Work out how many lines in the records below include the string "фото", and reply with that number alone.

### Material provided

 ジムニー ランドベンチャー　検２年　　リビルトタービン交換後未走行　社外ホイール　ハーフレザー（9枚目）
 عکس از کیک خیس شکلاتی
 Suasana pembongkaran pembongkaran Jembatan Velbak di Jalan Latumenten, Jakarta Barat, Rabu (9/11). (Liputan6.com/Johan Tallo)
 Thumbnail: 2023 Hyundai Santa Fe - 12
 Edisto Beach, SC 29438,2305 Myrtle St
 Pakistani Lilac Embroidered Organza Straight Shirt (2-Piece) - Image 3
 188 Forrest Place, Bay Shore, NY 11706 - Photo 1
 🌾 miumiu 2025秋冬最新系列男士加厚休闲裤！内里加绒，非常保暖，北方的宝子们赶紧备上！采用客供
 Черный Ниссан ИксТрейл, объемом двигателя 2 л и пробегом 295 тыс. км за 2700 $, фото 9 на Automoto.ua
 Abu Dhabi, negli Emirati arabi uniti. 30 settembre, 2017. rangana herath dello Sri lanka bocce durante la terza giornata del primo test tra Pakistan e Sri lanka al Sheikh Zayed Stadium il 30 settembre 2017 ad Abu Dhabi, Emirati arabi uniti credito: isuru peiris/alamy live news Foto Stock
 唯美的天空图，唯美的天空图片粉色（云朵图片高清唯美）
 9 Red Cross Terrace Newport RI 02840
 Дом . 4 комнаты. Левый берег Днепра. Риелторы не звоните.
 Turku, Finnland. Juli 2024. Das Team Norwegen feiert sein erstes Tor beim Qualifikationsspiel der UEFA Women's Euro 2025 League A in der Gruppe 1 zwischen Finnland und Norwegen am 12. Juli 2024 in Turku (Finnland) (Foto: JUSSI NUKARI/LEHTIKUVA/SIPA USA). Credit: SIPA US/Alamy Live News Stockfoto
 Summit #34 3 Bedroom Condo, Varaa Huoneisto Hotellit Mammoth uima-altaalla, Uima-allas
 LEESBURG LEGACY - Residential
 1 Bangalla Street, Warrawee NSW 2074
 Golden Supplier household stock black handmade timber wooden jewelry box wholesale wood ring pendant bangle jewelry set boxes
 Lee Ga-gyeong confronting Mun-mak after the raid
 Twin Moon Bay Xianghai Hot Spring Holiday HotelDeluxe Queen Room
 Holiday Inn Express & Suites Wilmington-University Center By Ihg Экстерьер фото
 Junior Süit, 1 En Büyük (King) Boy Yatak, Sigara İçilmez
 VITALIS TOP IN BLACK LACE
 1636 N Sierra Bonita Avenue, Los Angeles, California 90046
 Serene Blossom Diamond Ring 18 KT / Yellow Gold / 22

######

(Response to this task):
2